## Records provided
Content starts
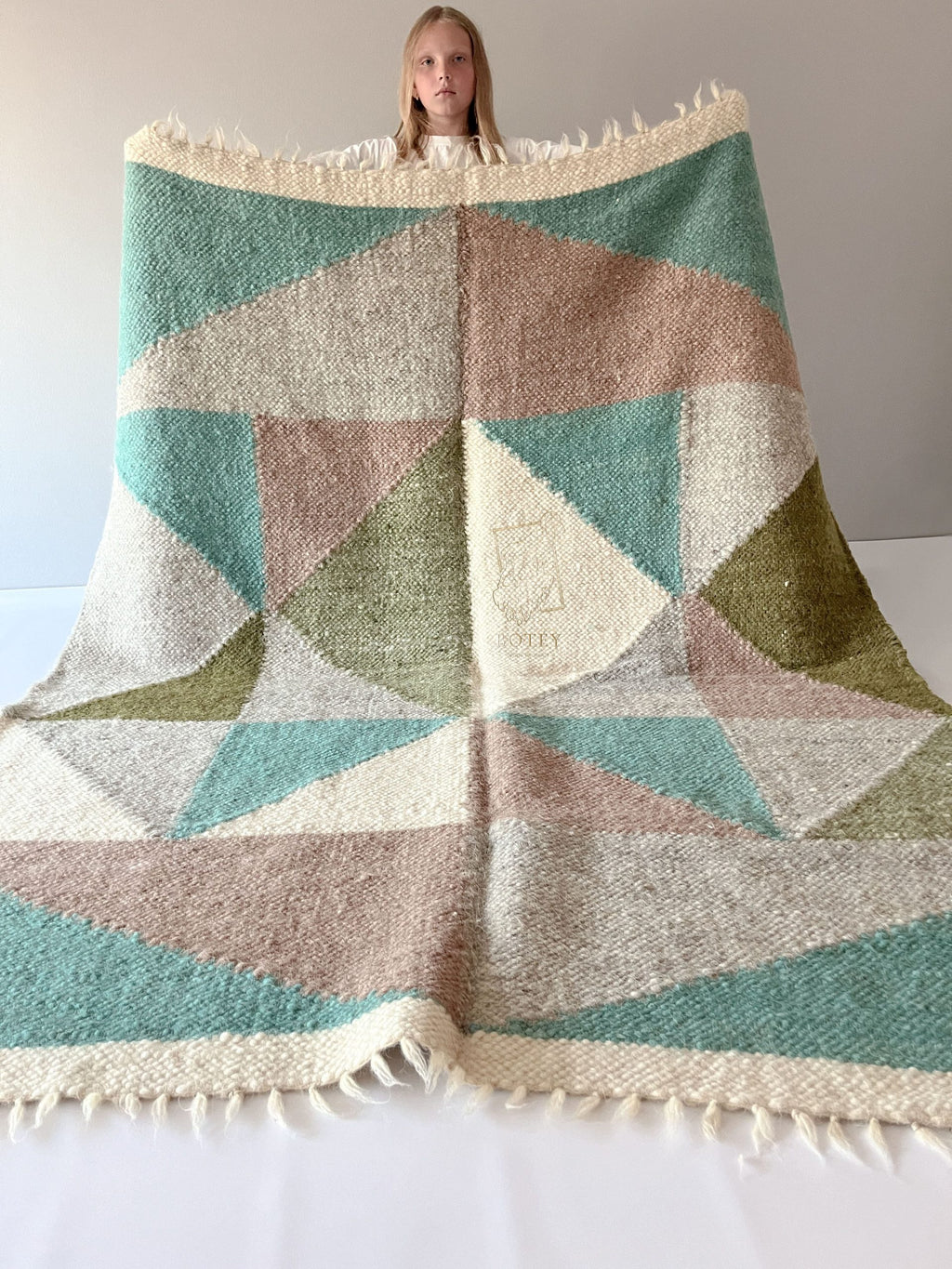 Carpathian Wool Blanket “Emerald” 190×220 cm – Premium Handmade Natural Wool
Content ends
Content starts
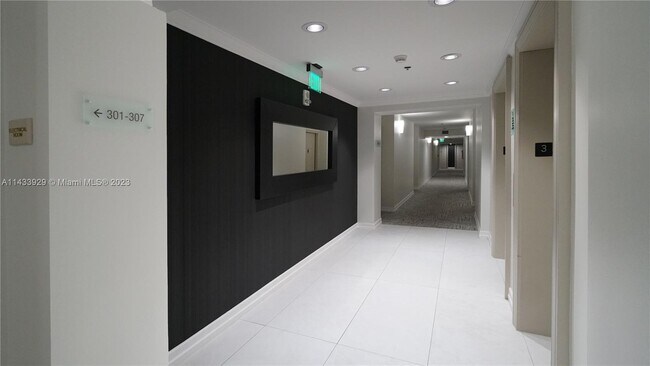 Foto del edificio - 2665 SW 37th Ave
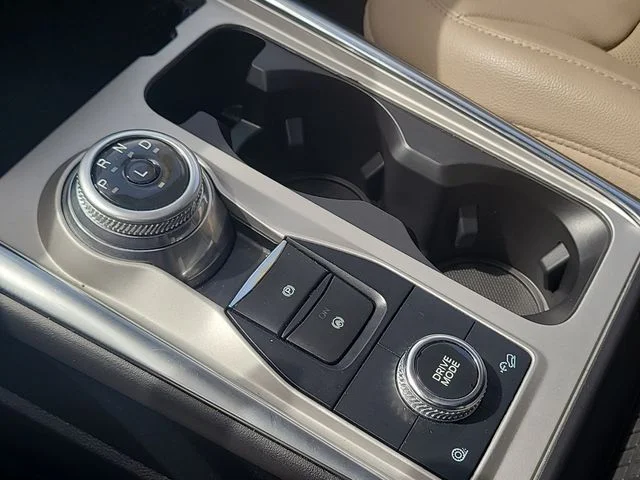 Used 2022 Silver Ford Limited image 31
Content ends
## What the exercise asks
For this exercise, reproduce exactly the lines of the records above from the one with "Foto del edificio - 2665 SW 37th Ave" up to and including the one with "Used 2022 Silver Ford Limited image 31", without pictures.

## The answer
 Foto del edificio - 2665 SW 37th Ave
 Used 2022 Silver Ford Limited image 31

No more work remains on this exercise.